| What to do |
The task requires repeating, word for word, the lines from the one with "D red faux georgette" through the end of the material, leaving out all pictures.

| Data section |
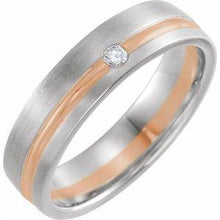 Load image into Gallery viewer, Yellow .07 CTW Diamond 6 mm Grooved Band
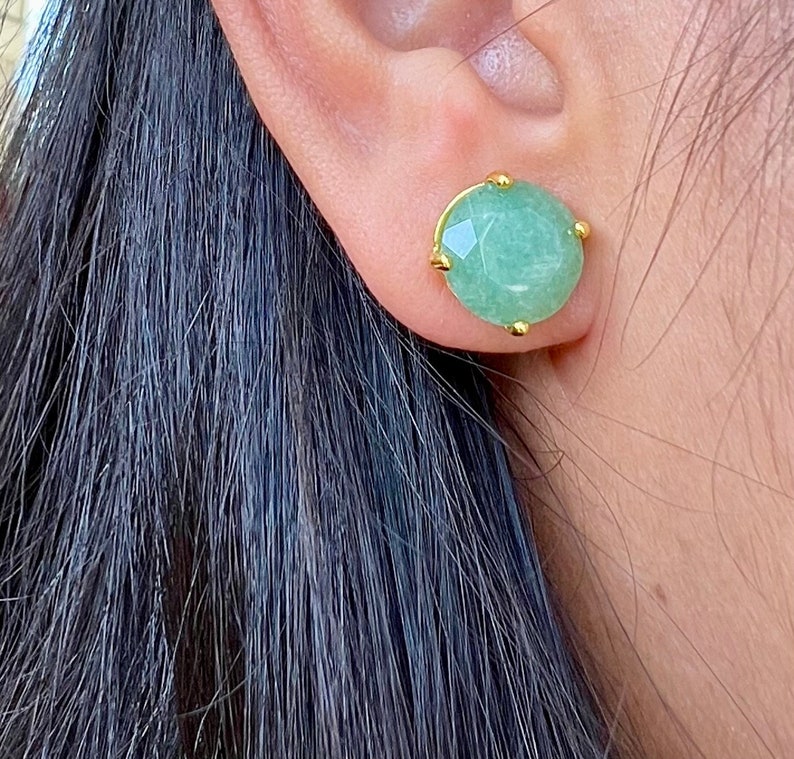 Natural Green Aventurine Earrings, Women Gift, Gemstone Earrings, Natural Stone Earrings, Women Jewelry, Stud Earrings, Gift for Her image 1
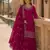 D red faux georgette semi stitched suit with embroidery work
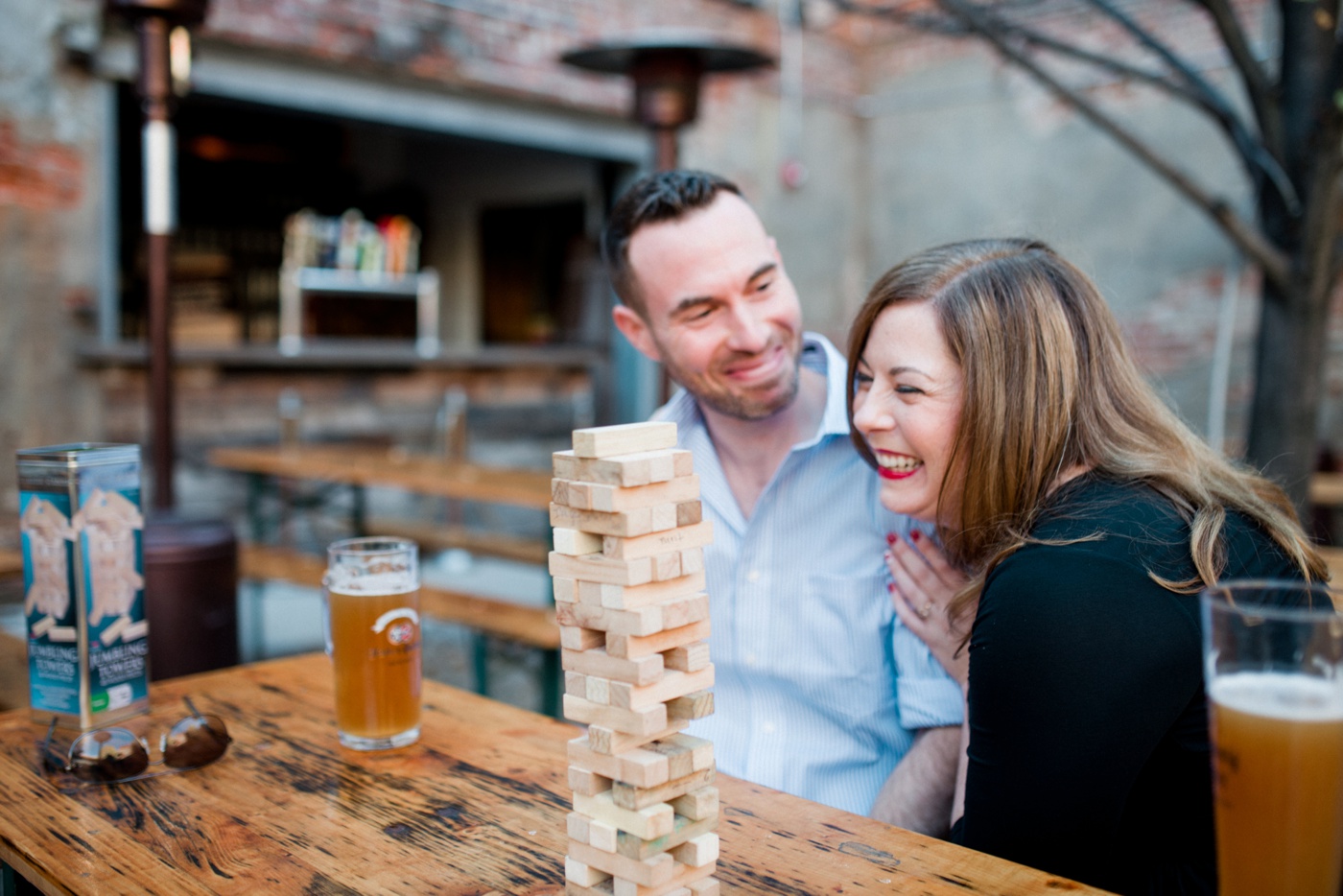 Rachael + Paul - Frankford Hall German Beer Garden - Fishtown Philadelphia Engagement Session - Alison Dunn Photography photo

| Solution for this exercise |
 D red faux georgette semi stitched suit with embroidery work
 Rachael + Paul - Frankford Hall German Beer Garden - Fishtown Philadelphia Engagement Session - Alison Dunn Photography photo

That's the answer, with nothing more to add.